Once training is complete, this function can be used to drop the training specific nodes in the onnx model. In particular, this function does the following:

  • Parse over the training graph and identify nodes that generate the given output names.

  • Drop all subsequent nodes in the graph since they are not relevant to the inference graph.

Parameters:
  • inference_model_uri – The path to the inference model.

  • graph_output_names – The list of output names that are required for inferencing.

input_names() list[str][source]#

Returns the input names of the training or eval model.

output_names() list[str][source]#

Returns the output names of the training or eval model.

class onnxruntime.training.api.Optimizer(optimizer_uri: str | os.PathLike, module: Module)[source]#

Bases: object

Class that provides methods to update the model parameters based on the computed gradients.

Parameters:
  • optimizer_uri – The path to the optimizer model.

  • model – The module to be trained.

step() None[source]#

Updates the model parameters based on the computed gradients.

This method updates the model parameters by taking a step in the direction of the computed gradients. The optimizer used depends on the optimizer model provided.

set_learning_rate(learning_rate: float) None[source]#

Sets the learning rate for the optimizer.

Parameters:

learning_rate – The learning rate to be set.

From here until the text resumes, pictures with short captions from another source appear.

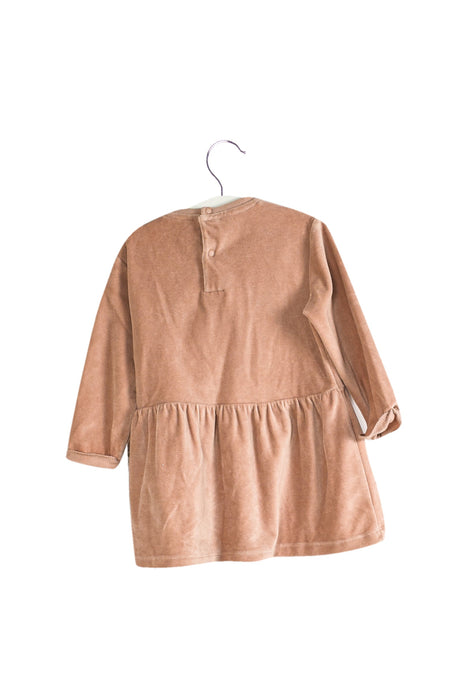 A Pink Long Sleeve Dresses from Stella McCartney in size 6-12M for girl. (Front View)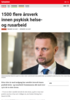 Nyheter 1500 flere årsverk innen psykisk helse- og rusarbeid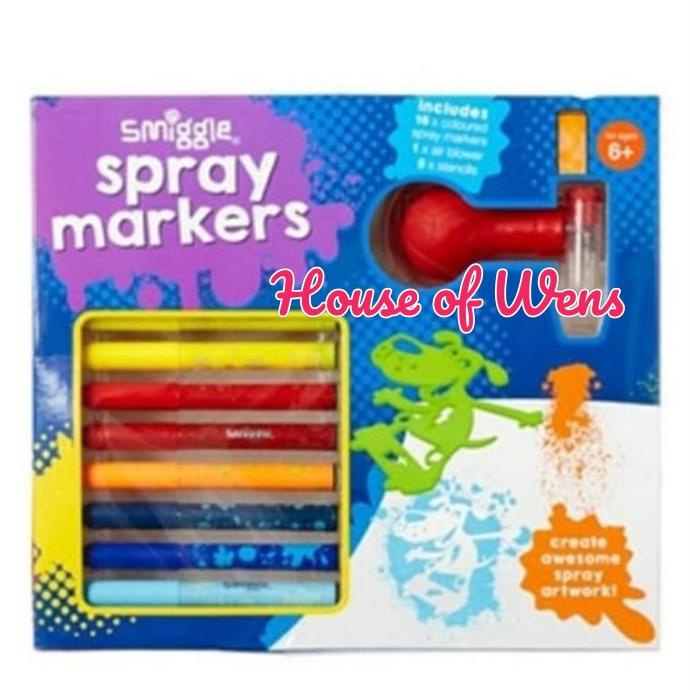 

Terlaris Smiggle Spray Markers Original Terbaik
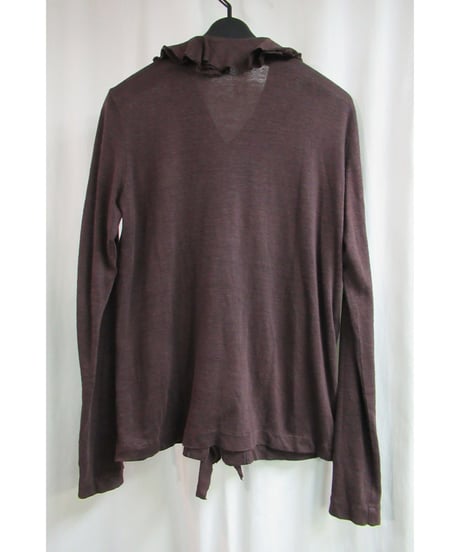 AD1997 tricot COMME des GARCONS フリルデザインカーディガン TT-100220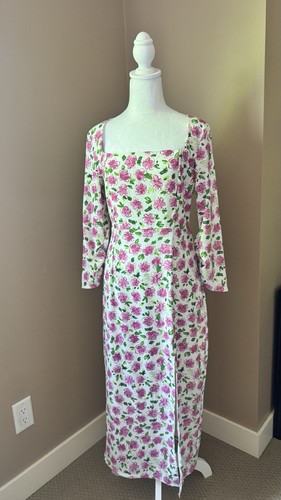 Nwt zara floral print - print, square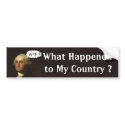 'George Washington Spinning in His Grave' bumper stickers by cowboyannie 'George Washington Spinning in His Grave' bumper stickers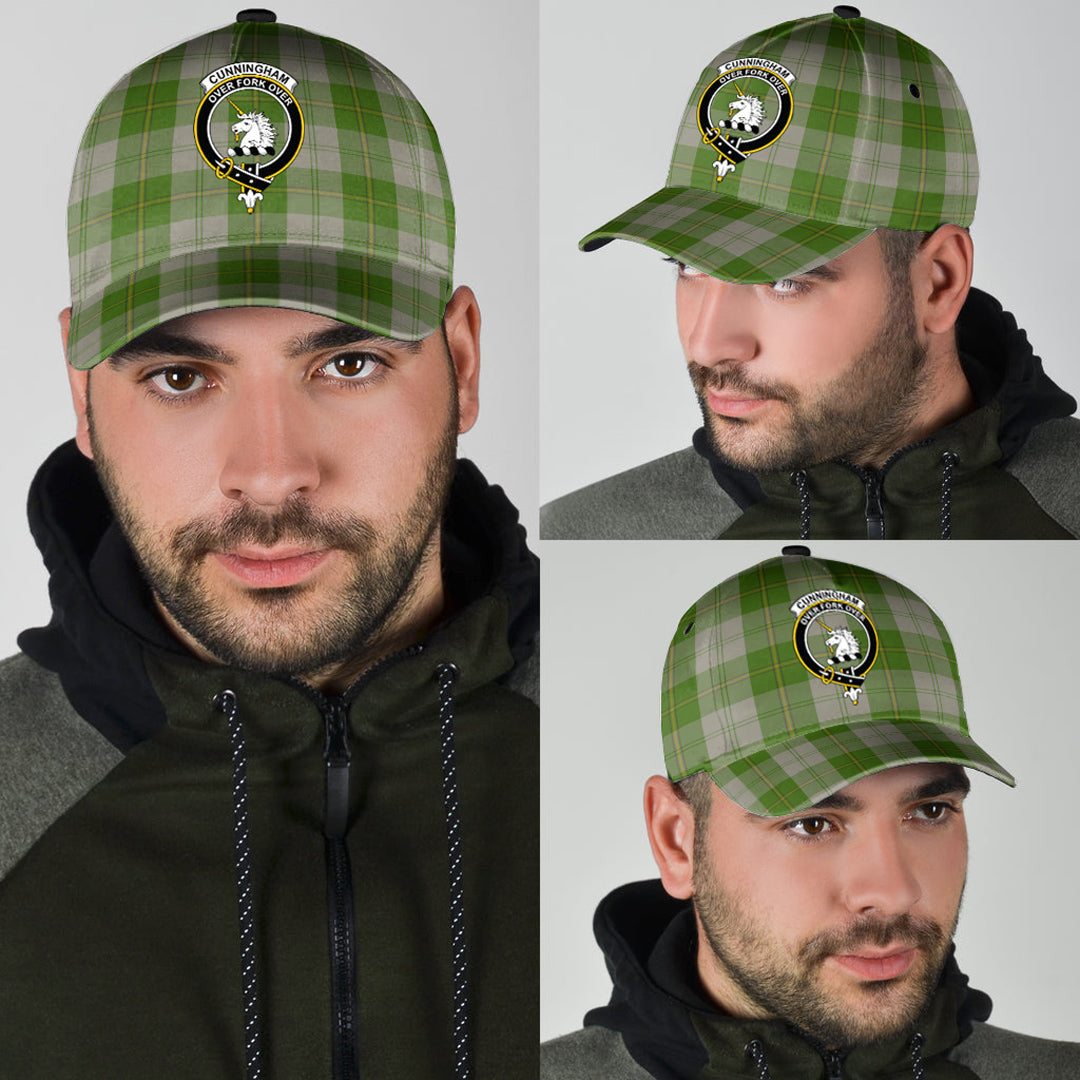 Cunningham Dress Green Dancers Tartan Crest Classic Cap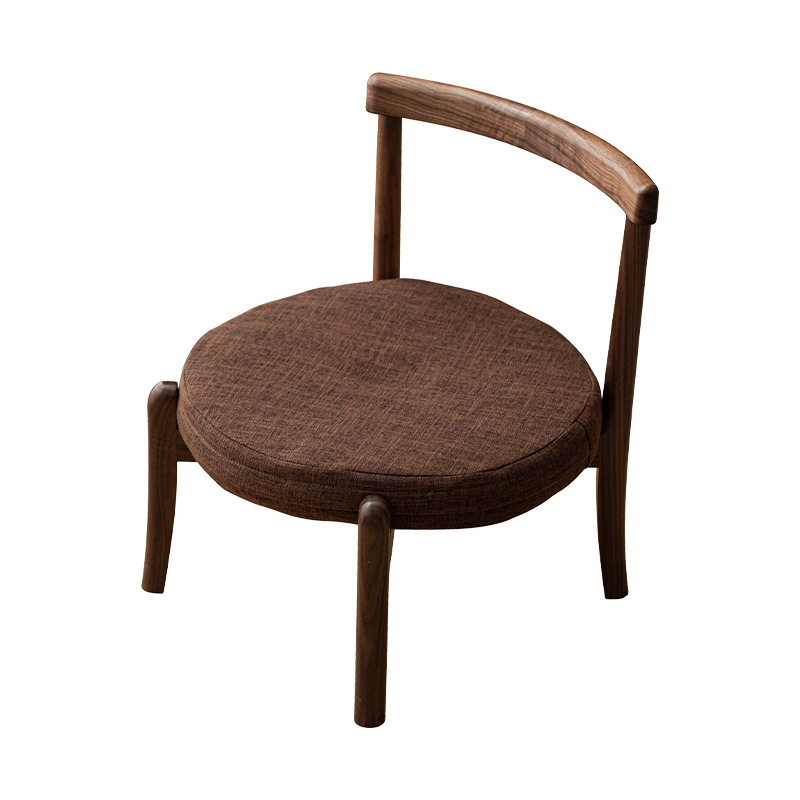 Ghế futon có thể gập lại bằng Gỗ Óc Chó mới của Trung Quốc, ghế cửa sổ lồi đơn giản, ghế ngồi cầm tay ngoài trời bằng gỗ nguyên khối, ghế trà, ghế đẩu nhỏ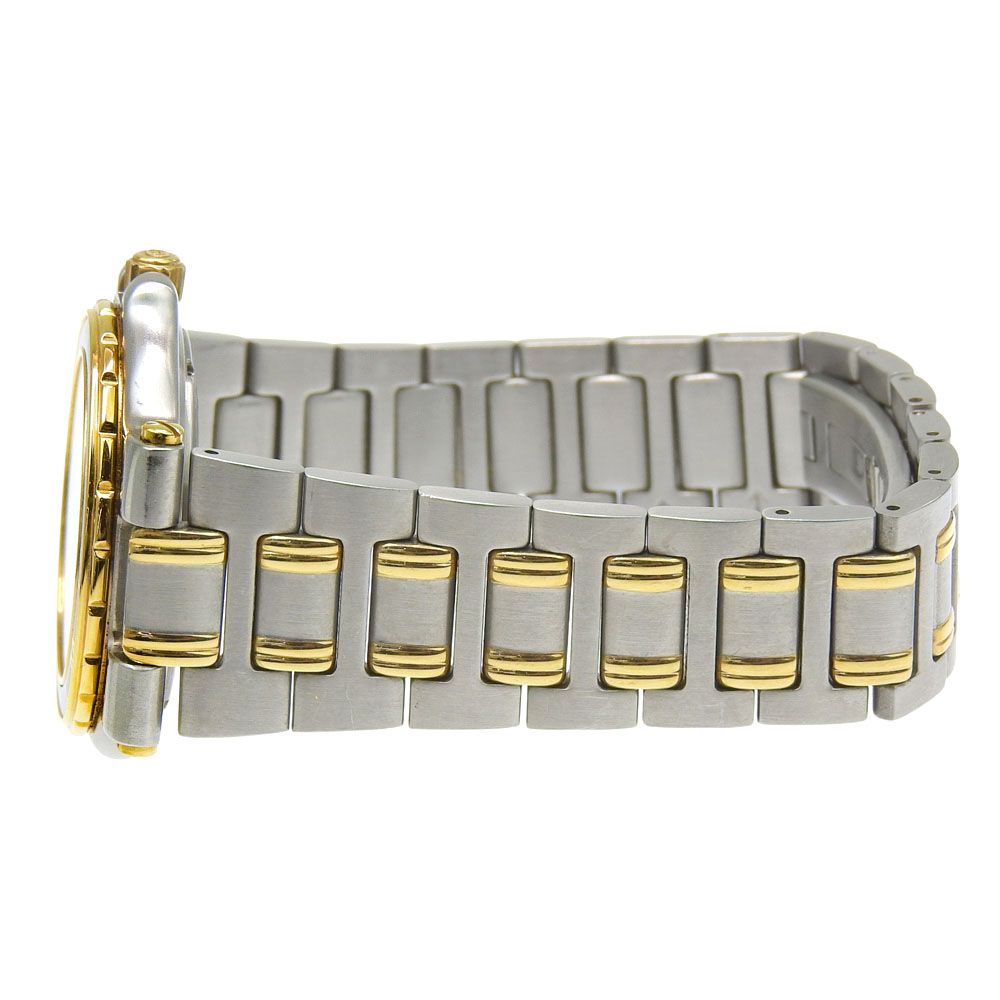 Gucci Stainless Steel Gold Plated Ivory Kuo Analog Display Dial Watch — view 4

get_learning_rate() float[source]#

Gets the current learning rate of the optimizer.

Returns:

The current learning rate.

class onnxruntime.training.api.LinearLRScheduler(optimizer: Optimizer, warmup_step_count: int, total_step_count: int, initial_lr: float)[source]#

Bases: object

Linearly updates the learning rate in the optimizer

The linear learning rate scheduler decays the learning rate by linearly updated multiplicative factor from the initial learning rate set on the training session to 0. The decay is performed after the initial warm up phase where the learning rate is linearly incremented from 0 to the initial learning rate provided.

Parameters:
  • optimizer – User’s onnxruntime training Optimizer

  • warmup_step_count – The number of steps in the warm up phase.

  • total_step_count – The total number of training steps.

  • initial_lr – The initial learning rate.

step() None[source]#

Updates the learning rate of the optimizer linearly.

This method should be called at each step of training to ensure that the learning rate is properly adjusted.